Epicardial radiofrequency ablation abolishes the electrographic and arrhythmic manifestations of Brugada syndrome (BrS) in coronary-perfused canine right ventricular wedge-model. Transmembrane action potentials (AP) were simultaneously recorded from one endocardial (Endo) and two epicardial (Epi) sites together with a transmural pseudo-ECG. (The model is schematically illustrated in the top panels). Stimulus marker (pacing) is indicated in the 4^th row. All recordings were obtained at 1000 ms basic cycle length.

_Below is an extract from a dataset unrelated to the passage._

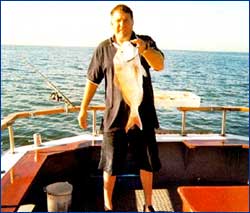 Able Fishing Charters - Accommodation Fremantle 1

Column 1: Control. Column 2: Recorded 20 min after the addition of the I_to-agonist NS5806 (10μM) to the coronary perfusate. The much greater accentuation of the Epicardial (Epi) vs. Endocardial (Endo) AP notch was associated with accentuation of the J wave in the ECG. Column 3: Recorded 15 min after increasing the concentration of NS5806 to 12.5 μM. A stimulated premature beat induced VT (later VF) via a phase 2 reentry (P2R) mechanism. The abbreviated cycle length caused loss of the AP dome in Epi1 due to use-dependent block of I_Na by NS5806. In the Endo and Epi2 sites the dome is maintained and the notch is slightly reduced because slow recovery of I_to overwhelmed the use-dependent inhibition of I_Na. The pronounced epicardial and transmural dispersion of repolarization created the substrate for P2R and VT/VF. Column 4: Recorded after washout of NS5806 and 70 min after RF ablation of the epicardial surface. APs were recorded from the subepicardial layer (Subepi) just below the ablation border and from the midmyocardium (Mid) because the Epi layer was destroyed. Column 5: Recorded 45 min after re-introduction of NS5806 (12.5μM) to the coronary perfusate. After ablation of epicardium, NS5806 was no longer able to induce the ECG or arrhythmic manifestations of BrS.